The most surprising part of uv's success to me isn't Rust at all, it's how much speed we "unlocked" just by finally treating Python packaging as a well-specified systems problem instead of a pile of historical accidents. If uv had been written in Go or even highly optimized CPython, but with the same design decisions (PEP 517/518/621/658 focus, HTTP range tricks, aggressive wheel-first strategy, ignoring obviously defensive upper bounds, etc.), I strongly suspect we'd be debating a 1.3× vs 1.5× speedup instead of a 10× headline — but the conversation here keeps collapsing back to "Rust rewrite good/bad." That feels like cargo-culting the toolchain instead of asking the uncomfortable question: why did it take a greenfield project to give Python the package manager behavior people clearly wanted for the last decade?

Nextgrid 3 hours ago | parent | next [-]

It's not just greenfield-ness but the fact it's a commercial endeavor (even if the code is open-source).

Building a commercial product means you pay money (or something they equally value) to people to do your bidding. You don't have to worry about politics, licensing, and all the usual FOSS-related drama. You pay them to set their opinions aside and build what you want, not what they want (and if that doesn't work, it just means you need to offer more money).

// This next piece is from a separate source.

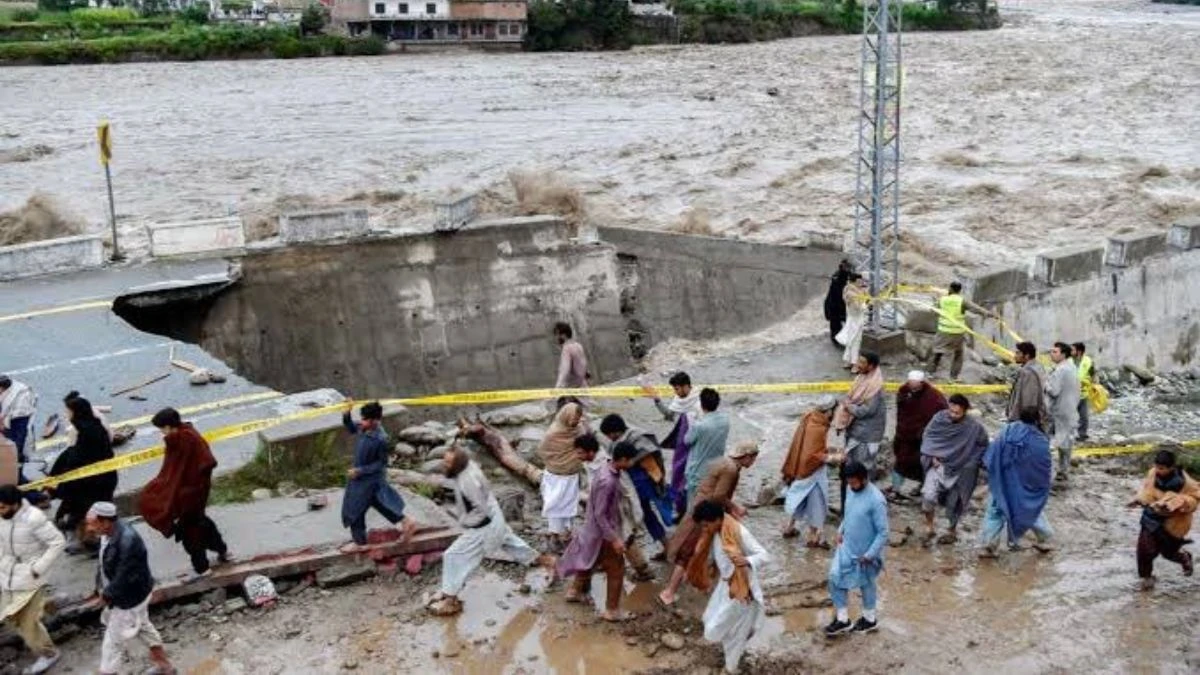 Pakistan flash flood kills 340 people till now due to rainfall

In this case it's a company that believes they can make a "good" package manager they can sell/monetize somehow and so built that "good" package manager. Turns out it's at least good enough that other people now like it too.

This would never work in a FOSS world because the project will be stuck in endless planning as everyone will have an opinion on how it should be done and nothing will actually get done.

Similar story with systemd - all the bitching you hear about it (to this day!) is the stuff that would've happened during its development phase had it been developed as a typical FOSS project and ultimately made it go nowhere - but instead it's one guy that just did what he wanted and shared it with the world, and enough other people liked it and started building upon it.

eru 3 hours ago | parent | next [-]

> You don't have to worry about politics, licensing, and all the usual FOSS-related drama. You pay them to set their opinions aside and build what you want, not what they want (and if that doesn't work, it just means you need to offer more money).

Money is indeed a great lubricator.

However, it's not black-and-white: office politics is a long standing term for a reason.

Nextgrid 3 hours ago | parent [-]

Office politics happen when people determine they can get more money by engaging in politics instead of working. This is just an indicator people aren't being paid enough money (since people politicking around is detrimental to the company, it is better off paying them whatever it takes for them not to engage in such behavior). "You get what you pay for" applies yet again.

dpark 2 hours ago | parent | next [-]

Politicking is just group dynamics. In large companies people engage in politics because it becomes necessary to accomplish large things.

Of course a group can also have bad actors but that’s not really an issue with politics specifically. Politics are neither good nor bad.

xvector 2 hours ago | parent | prev [-]

Hard disagree, most of my coworkers make well north of $1M and office politics is at an all time high.

I believe office politics happens when there are simply too many people at a company or org.

optionalsquid 2 hours ago | parent | next [-]

Office politics happen when the number of people at an office exceeds 2

Nextgrid 2 hours ago | parent | prev | next [-]

I think too many people happens because a company would rather hire 10 "market rate" people than 3 well-compensated ones. Headcount inflation dilutes responsibility and rewards, so even if one of the "market rate" guys does the best work possible they won't get rewarded proportionally... so if hard work isn't going to get them adequate comp, maybe politics will.

ngcc_hk 15 minutes ago | parent | prev [-]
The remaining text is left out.